Image-caption web data
────

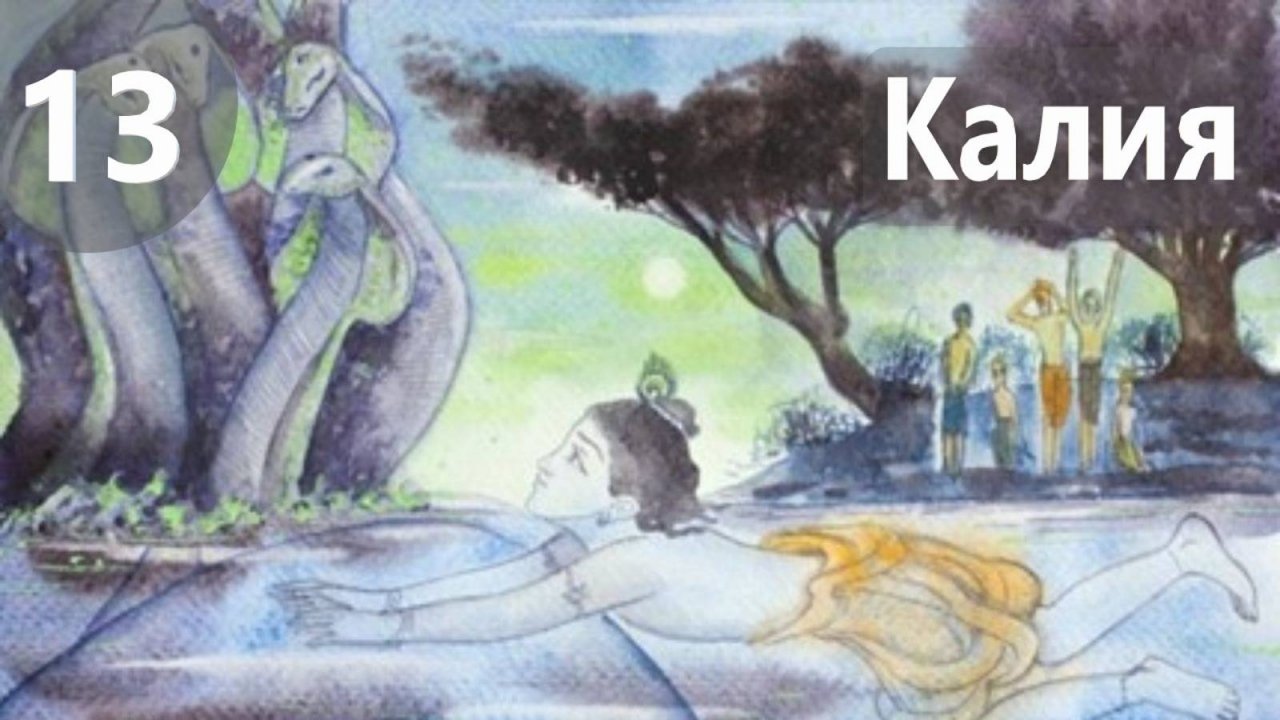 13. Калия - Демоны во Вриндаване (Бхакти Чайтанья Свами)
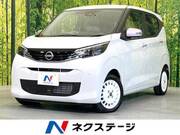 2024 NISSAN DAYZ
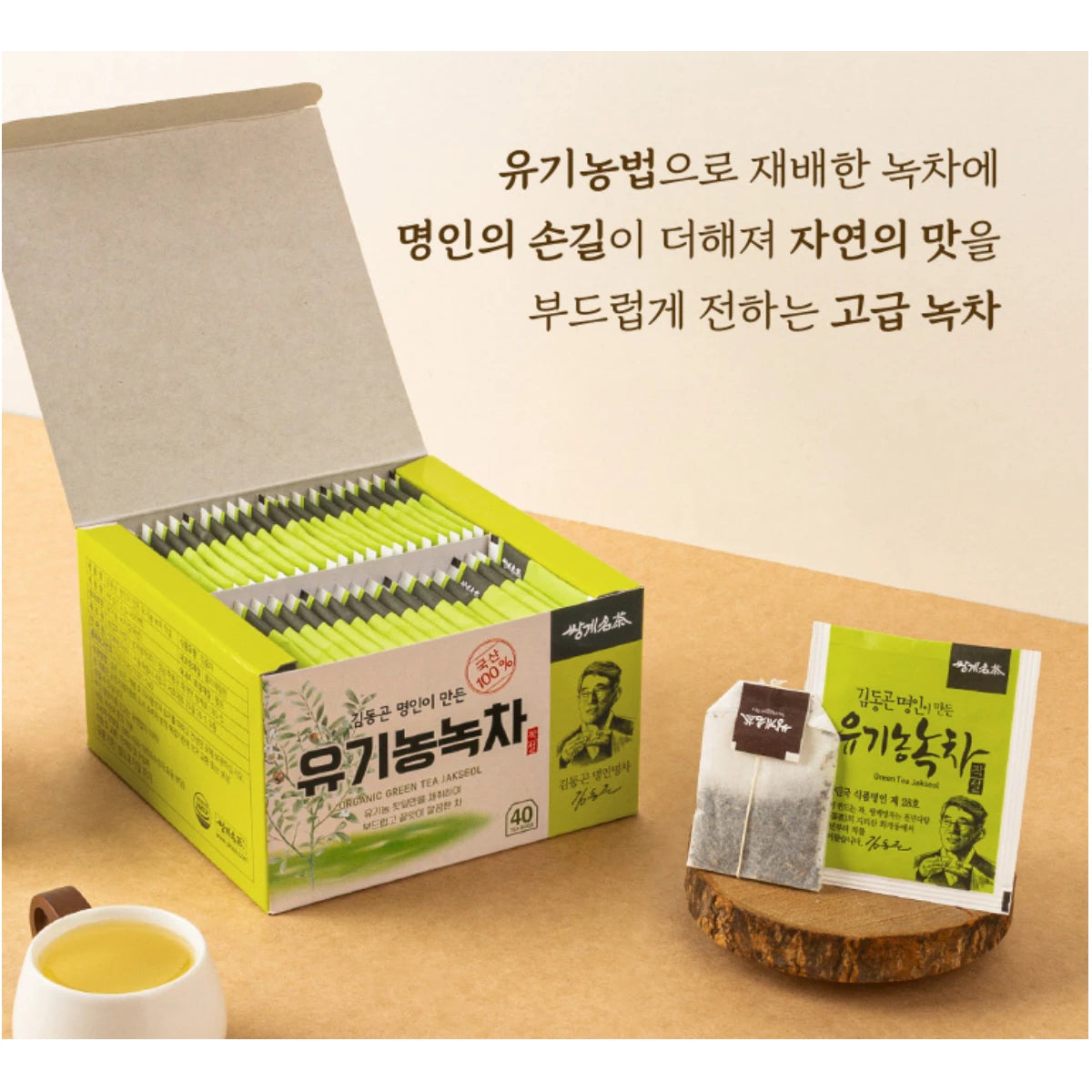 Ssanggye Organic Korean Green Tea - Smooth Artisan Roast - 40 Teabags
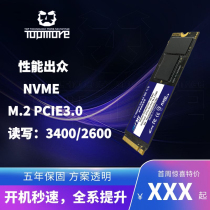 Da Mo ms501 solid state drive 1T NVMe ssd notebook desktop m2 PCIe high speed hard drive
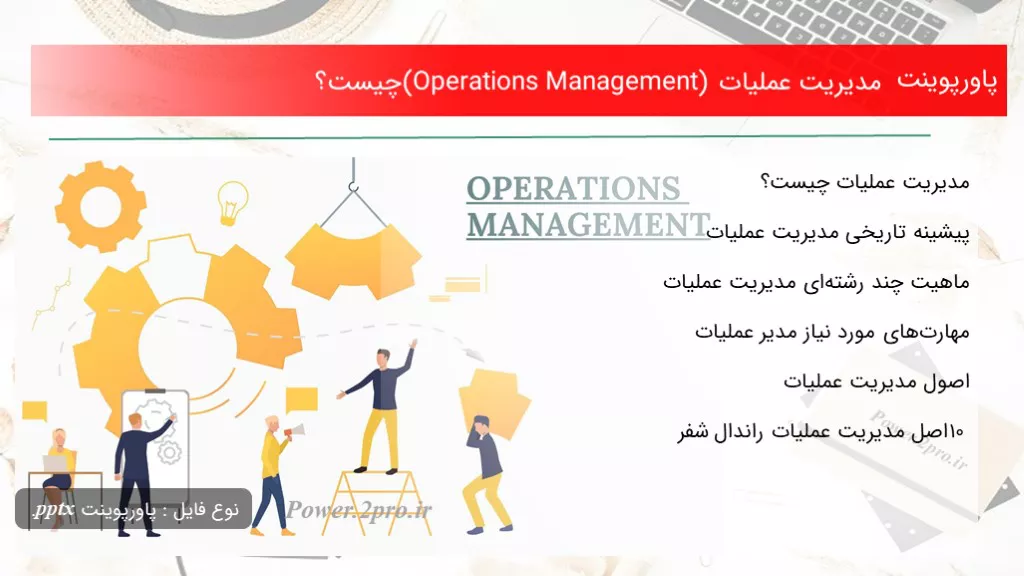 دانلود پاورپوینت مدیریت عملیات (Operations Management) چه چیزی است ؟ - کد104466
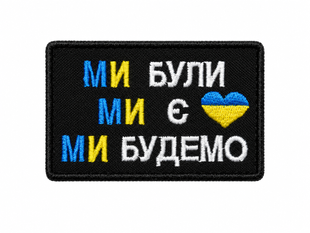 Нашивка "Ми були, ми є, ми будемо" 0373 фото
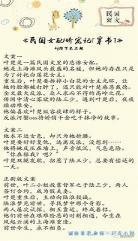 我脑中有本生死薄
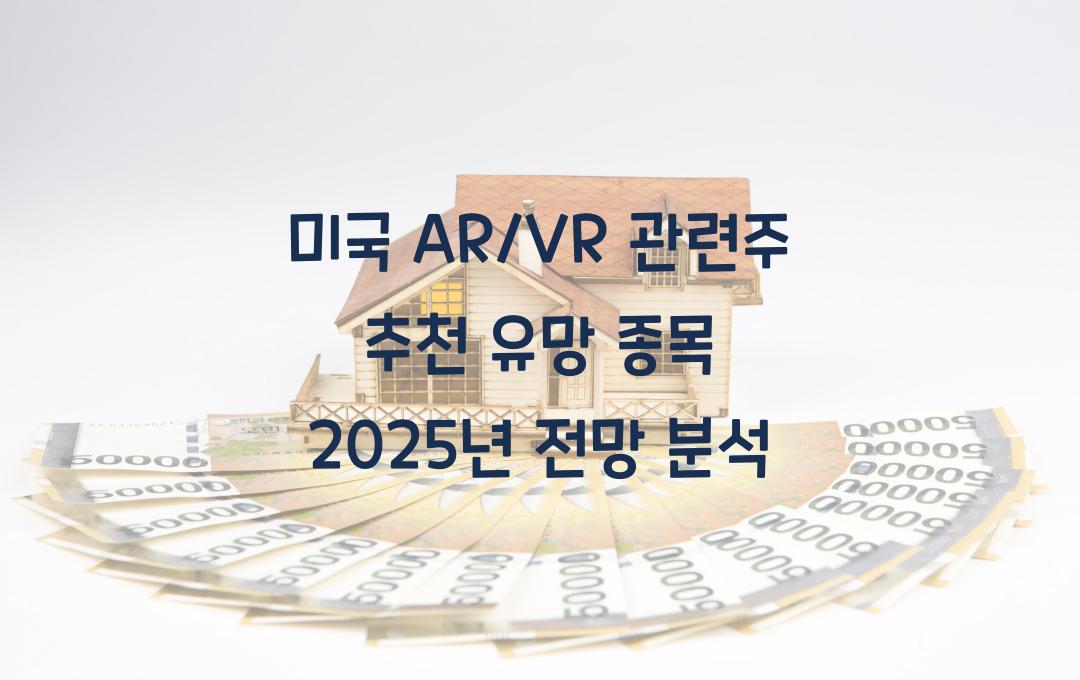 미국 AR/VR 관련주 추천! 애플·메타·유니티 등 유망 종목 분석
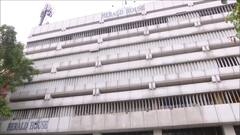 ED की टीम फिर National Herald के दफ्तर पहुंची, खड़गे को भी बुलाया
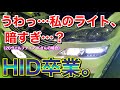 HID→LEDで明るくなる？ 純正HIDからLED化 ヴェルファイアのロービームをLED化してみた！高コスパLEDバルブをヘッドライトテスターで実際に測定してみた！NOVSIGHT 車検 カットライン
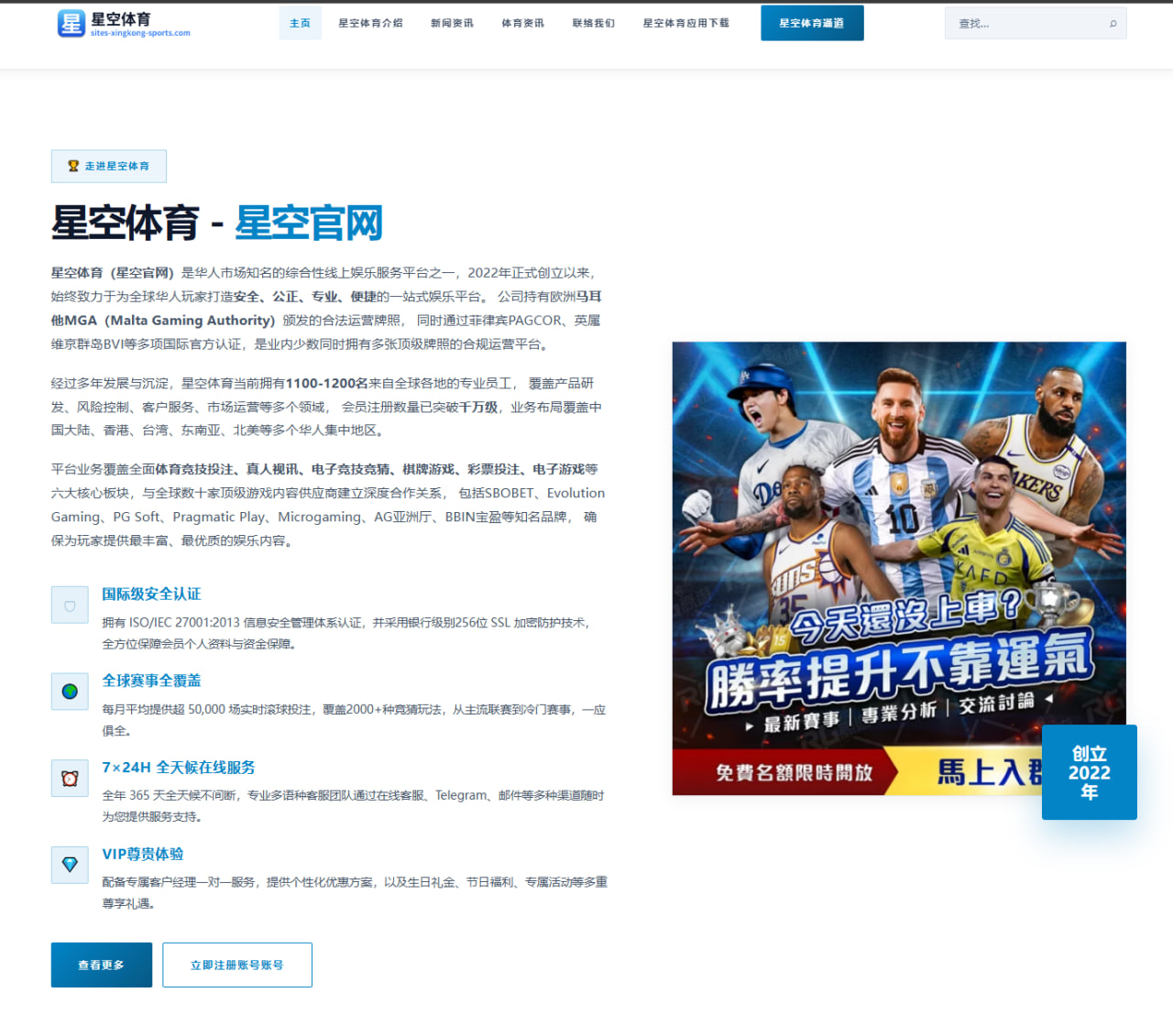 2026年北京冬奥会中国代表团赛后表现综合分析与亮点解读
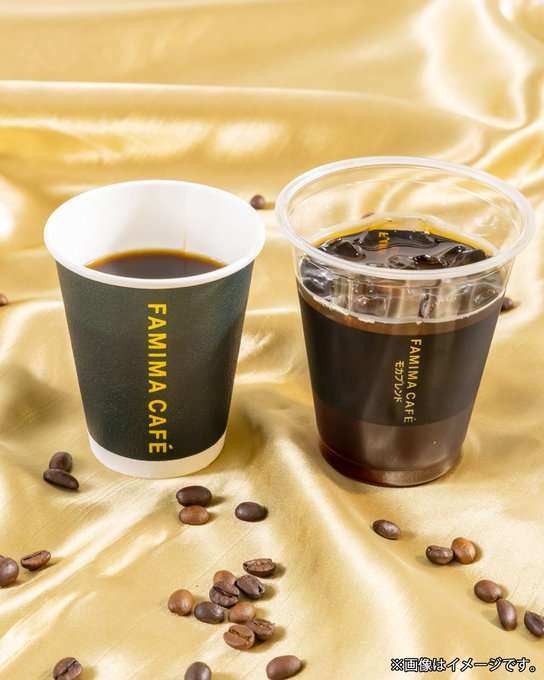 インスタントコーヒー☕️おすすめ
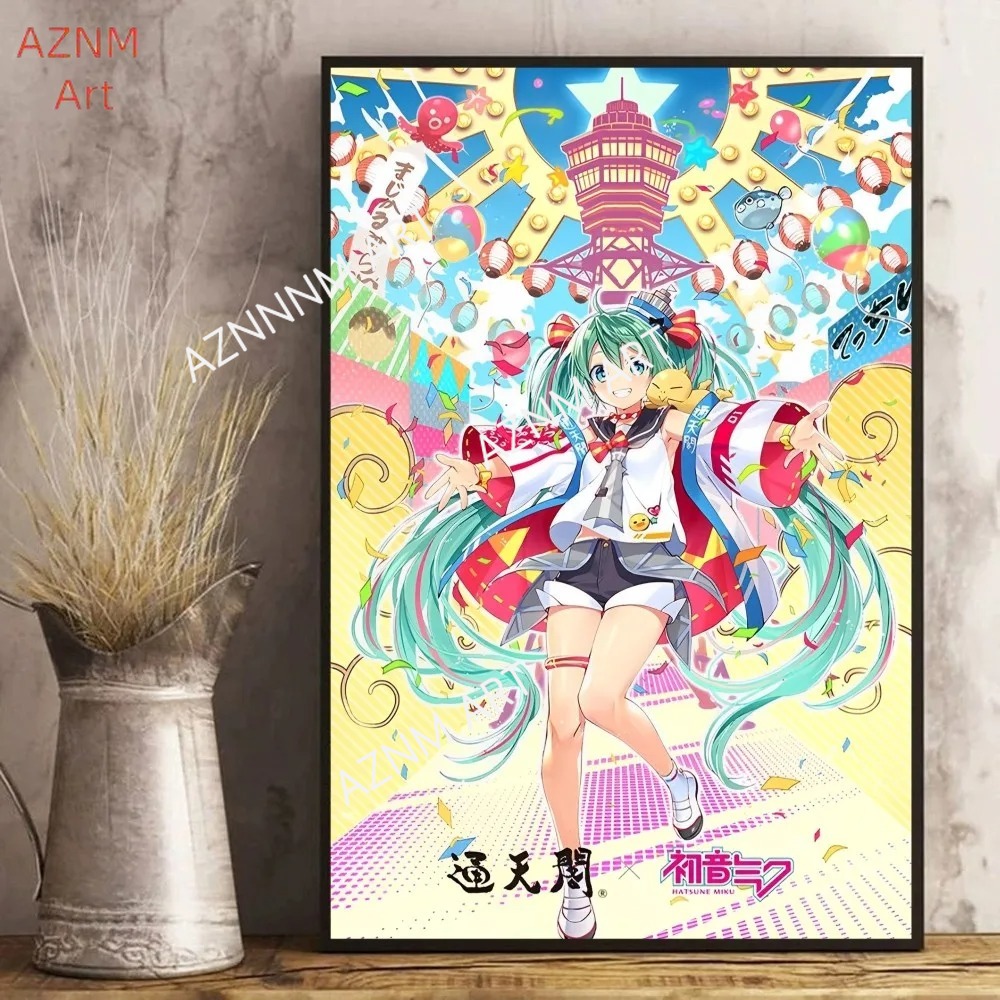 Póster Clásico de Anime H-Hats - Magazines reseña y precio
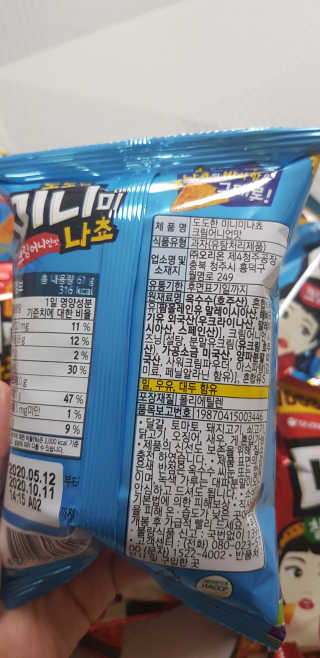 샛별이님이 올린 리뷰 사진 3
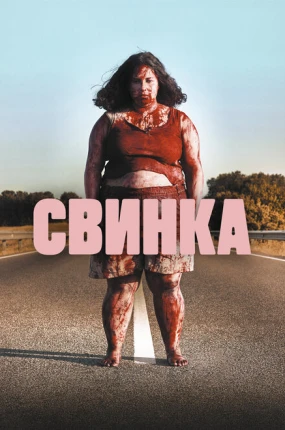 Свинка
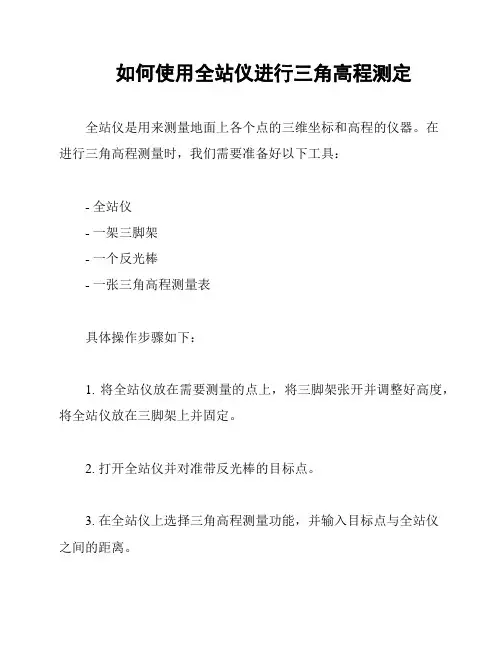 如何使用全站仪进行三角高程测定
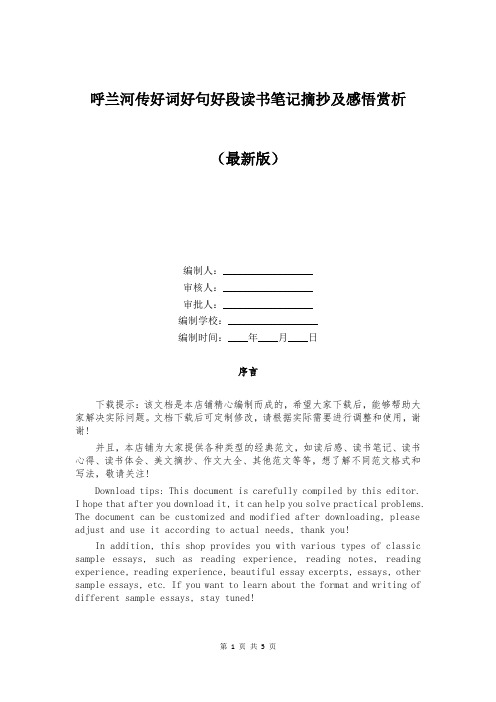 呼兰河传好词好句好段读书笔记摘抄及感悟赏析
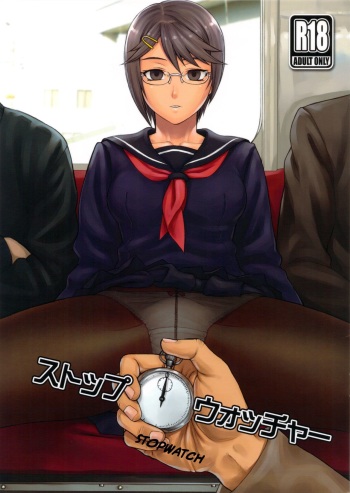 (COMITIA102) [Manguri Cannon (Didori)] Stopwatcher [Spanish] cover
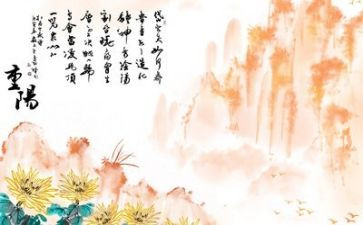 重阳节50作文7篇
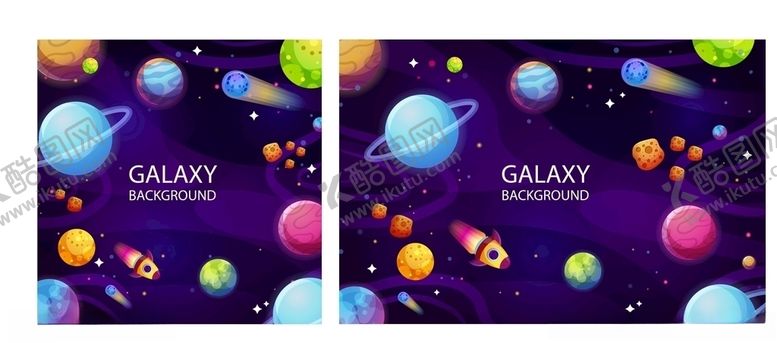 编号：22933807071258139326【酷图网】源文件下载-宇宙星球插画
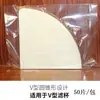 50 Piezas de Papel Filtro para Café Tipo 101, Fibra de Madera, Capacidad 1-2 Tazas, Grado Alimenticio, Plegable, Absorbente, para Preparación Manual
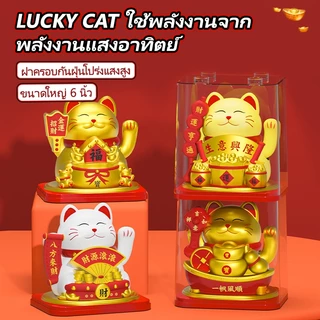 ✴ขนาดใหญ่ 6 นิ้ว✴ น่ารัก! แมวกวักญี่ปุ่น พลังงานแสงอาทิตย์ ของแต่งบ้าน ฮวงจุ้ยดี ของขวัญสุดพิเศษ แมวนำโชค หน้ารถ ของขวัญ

────

Task directions:
Retype the records in full, exactly as given, and omit the pictures.

Response:
 13. Калия - Демоны во Вриндаване (Бхакти Чайтанья Свами)
 2024 NISSAN DAYZ
 Ssanggye Organic Korean Green Tea - Smooth Artisan Roast - 40 Teabags
 Da Mo ms501 solid state drive 1T NVMe ssd notebook desktop m2 PCIe high speed hard drive
 دانلود پاورپوینت مدیریت عملیات (Operations Management) چه چیزی است ؟ - کد104466
 Нашивка "Ми були, ми є, ми будемо" 0373 фото
 我脑中有本生死薄
 미국 AR/VR 관련주 추천! 애플·메타·유니티 등 유망 종목 분석
 ED की टीम फिर National Herald के दफ्तर पहुंची, खड़गे को भी बुलाया
 HID→LEDで明るくなる？ 純正HIDからLED化 ヴェルファイアのロービームをLED化してみた！高コスパLEDバルブをヘッドライトテスターで実際に測定してみた！NOVSIGHT 車検 カットライン
 2026年北京冬奥会中国代表团赛后表现综合分析与亮点解读
 インスタントコーヒー☕️おすすめ
 Póster Clásico de Anime H-Hats - Magazines reseña y precio
 샛별이님이 올린 리뷰 사진 3
 Свинка
 如何使用全站仪进行三角高程测定
 呼兰河传好词好句好段读书笔记摘抄及感悟赏析
 (COMITIA102) [Manguri Cannon (Didori)] Stopwatcher [Spanish] cover
 重阳节50作文7篇
 编号：22933807071258139326【酷图网】源文件下载-宇宙星球插画
 50 Piezas de Papel Filtro para Café Tipo 101, Fibra de Madera, Capacidad 1-2 Tazas, Grado Alimenticio, Plegable, Absorbente, para Preparación Manual
 ✴ขนาดใหญ่ 6 นิ้ว✴ น่ารัก! แมวกวักญี่ปุ่น พลังงานแสงอาทิตย์ ของแต่งบ้าน ฮวงจุ้ยดี ของขวัญสุดพิเศษ แมวนำโชค หน้ารถ ของขวัญ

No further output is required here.